## Work item
Of the lines in the material below, print only those from the one containing "Ledkia lámpara de" to the one containing "Cabinet Set 2", ends included, exactly as written and without pictures.

─── Data to examine ───

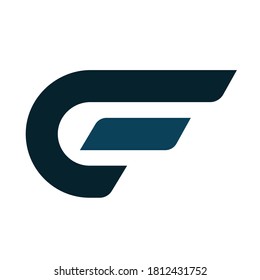 Letter C F Professional Brand Logo Design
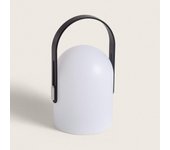Ledkia lámpara de mesa led portátil con batería usb recargable akira negro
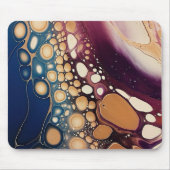 Himmelsfluid-Marmor in Mitternachtsgold Mousepad (Vorne)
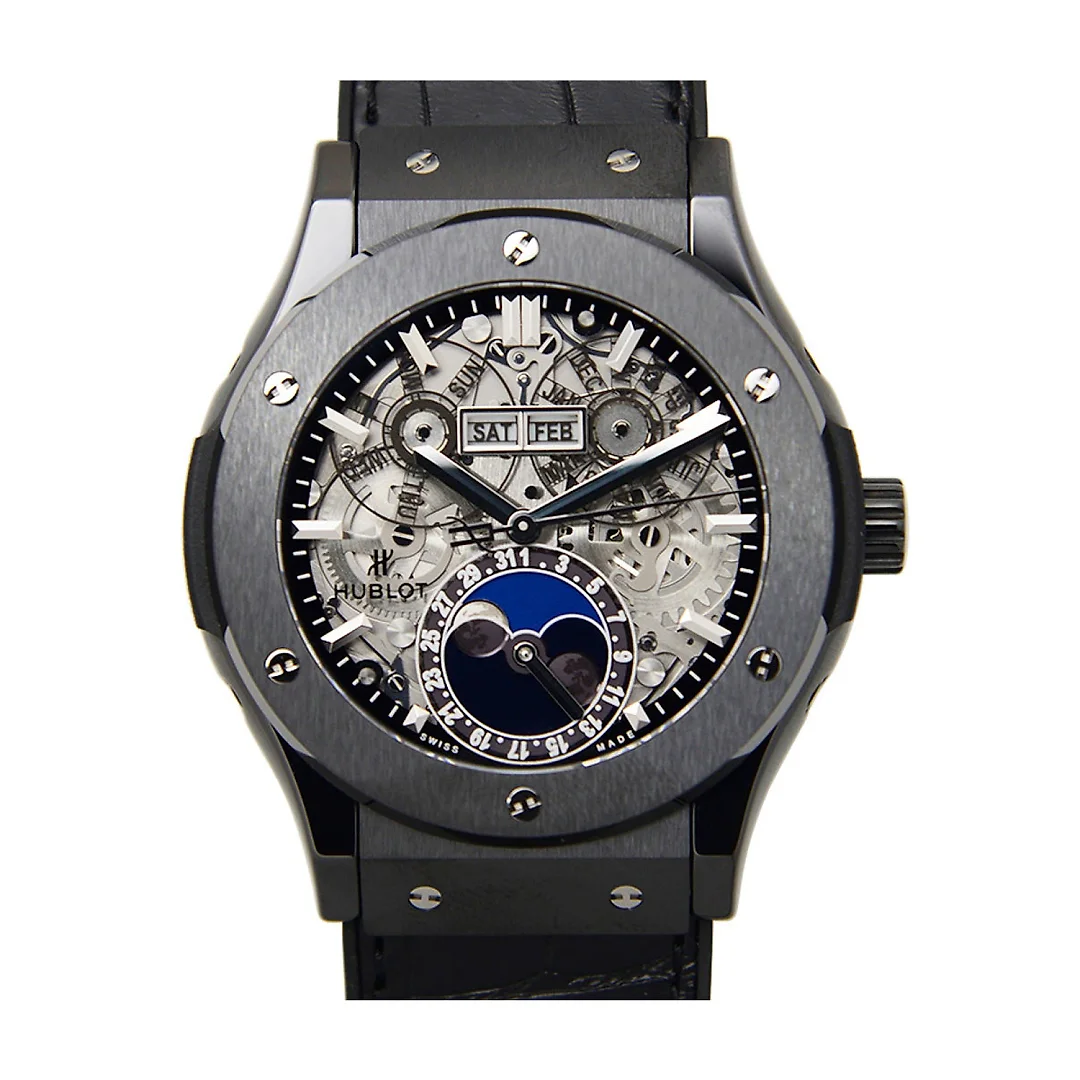 Hublot Classic Fusion Aerofusion Moonphase 45mm Black Magic, Ref# 517.CX.0170.LR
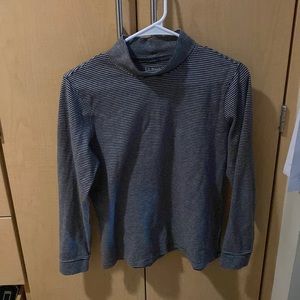 Black and white striped turtleneck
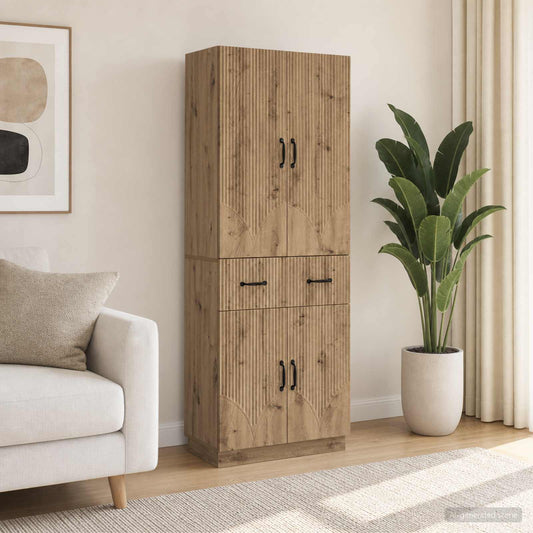 Cabinet Set 2 pcs Artisan Oak Engineered Wood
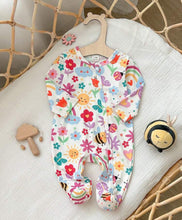 Load image into Gallery viewer, Rainbow Bee Onesie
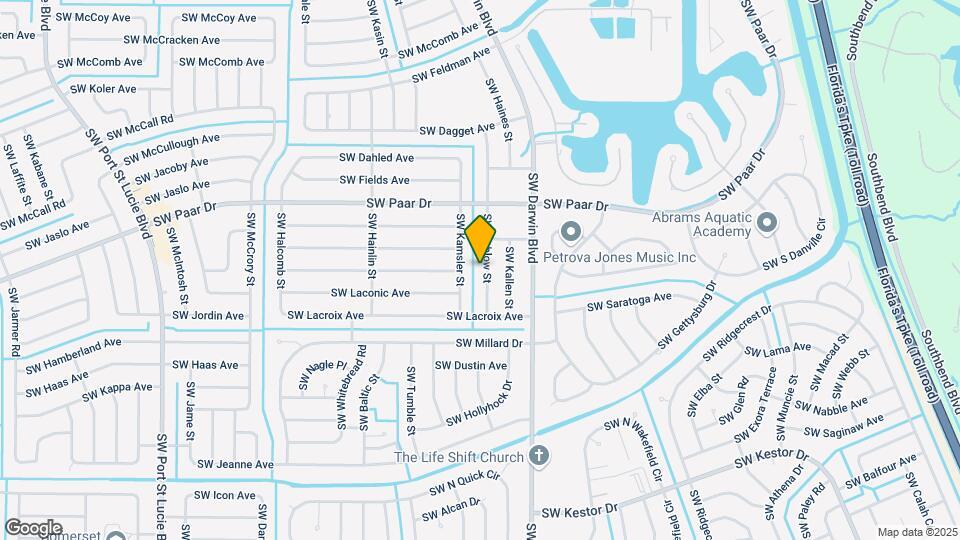 4034 SW Hablow St Map and Location Details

───

## Solution
Ledkia lámpara de mesa led portátil con batería usb recargable akira negro
 Himmelsfluid-Marmor in Mitternachtsgold Mousepad (Vorne)
 Hublot Classic Fusion Aerofusion Moonphase 45mm Black Magic, Ref# 517.CX.0170.LR
 Black and white striped turtleneck
 Cabinet Set 2 pcs Artisan Oak Engineered Wood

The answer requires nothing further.